The Labour leader’s shake-up came as MPs returned to Parliament after the summer recess and saw the promotion of a number of Blairite MPs.
Hilary Benn was appointed shadow Northern Ireland secretary, while Pat McFadden was promoted to the chancellor of the Duchy of Lancaster and national campaign coordinator roles.
Peter Kyle, who worked as a special adviser in the Cabinet Office under Blair, was moved to oversee the science, innovation and technology brief.
Liz Kendall was promoted to shadow work and pensions minister, having previously held the social care minister brief.
Meanwhile Croydon North MP Steve Reed was pushed out of his shadow justice secretary role and replaced by Shabana Mahmmod, who had impressed MPs in her previous role as national campaign coordinator.
Rosena Allin-Khan was out as shadow mental health minister.
“You made clear that you do not see a space for a mental health portfolio in a Labour cabinet,” she said in a letter to Sir Keir.
Jim McMahon was the first to go on Monday morning, stepping down from his shadow environment secretary post, which was handed to Mr Reed.
The Oldham MP said he remained “a firm supporter of Keir and the project we have built to offer Britain an electable Labour government”.
Thangam Debbonaire was handed the shadow culture, media and sport secretary role, replacing Lucy Powell who was appointed shadow leader of the House of Commons.
The Labour leader’s was not expected to move his most senior team, with shadow chancellor Rachel Reeves, shadow health secretary Wes Streeting and shadow home secretary Yvette Cooper all staying put.
It comes as the school crumbling concrete scandal prompted Labour to revive its series of controversial attack adverts on the prime minister .
A new poster on Sunday featured Rishi Sunak face alongside the tagline: “Do you think your child’s school should be safe? Rishi Sunak doesn’t.”
It follows similar ads earlier this year, which had accused Mr Sunak of not wanting child sex abusers to be jailed.
The Government is also facing another awkward by-elections later this year.

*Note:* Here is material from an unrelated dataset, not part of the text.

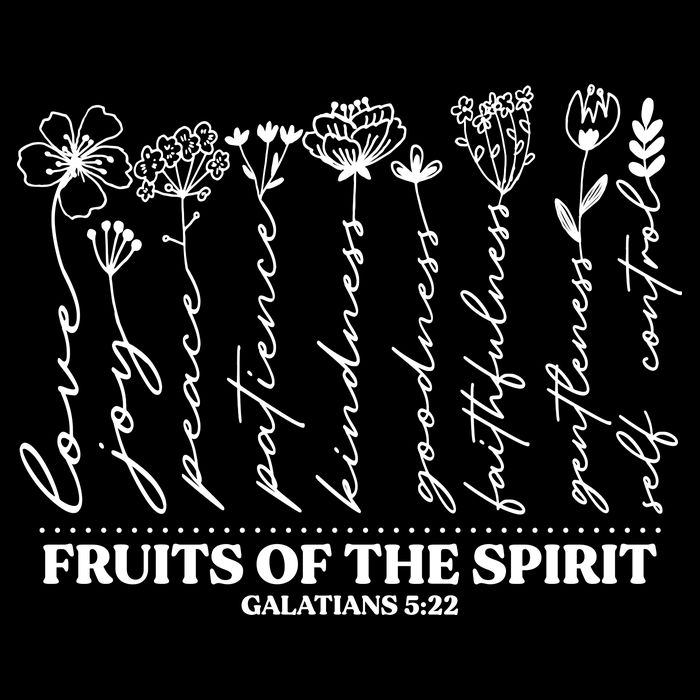 Fruits Of The Spirit Galatians 5:22 16 in Basic Backpack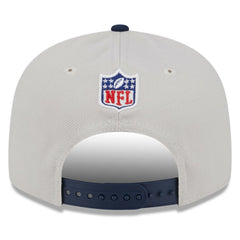 Dallas Cowboys New Era 2024 Sideline Historic 9FIFTY Snapback Hat Stone/Navy | NFL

Tory former whip Chris Pincher has lost his appeal against an eight-week suspension from the Commons following allegations he drunkenly groped two men at London’s exclusive Carlton Club last year.
It paves the way for a potential by-election in his Tamworth seat.
Ministers on Monday are also expected to move the writ to hold a vote in Mid Bedfordshire, the seat vacated by Nadine Dorries.
The Liberal Democrats are favourite to win the formally safe Conservative seat.
The party’s chief whip Wendy Chamberlain said: “The Conservatives have left the people of Mid Bedfordshire without proper representation for over a year. Rishi Sunak wanted to delay another humiliating defeat for the Conservative Party for as long as possible and we forced his hand.”
Mr Sunak had a mini Cabinet re-shuffle last week in which he avoided major changes but gave new appointments to close allies Grant Shapps and Claire Coutinho.
Some expect the PM to carry out a wider Government reshuffle in the coming months.
Both leaders are now gearing up for annual party conference season in October and look to getting their top teams in shape for the next general election, expected next year.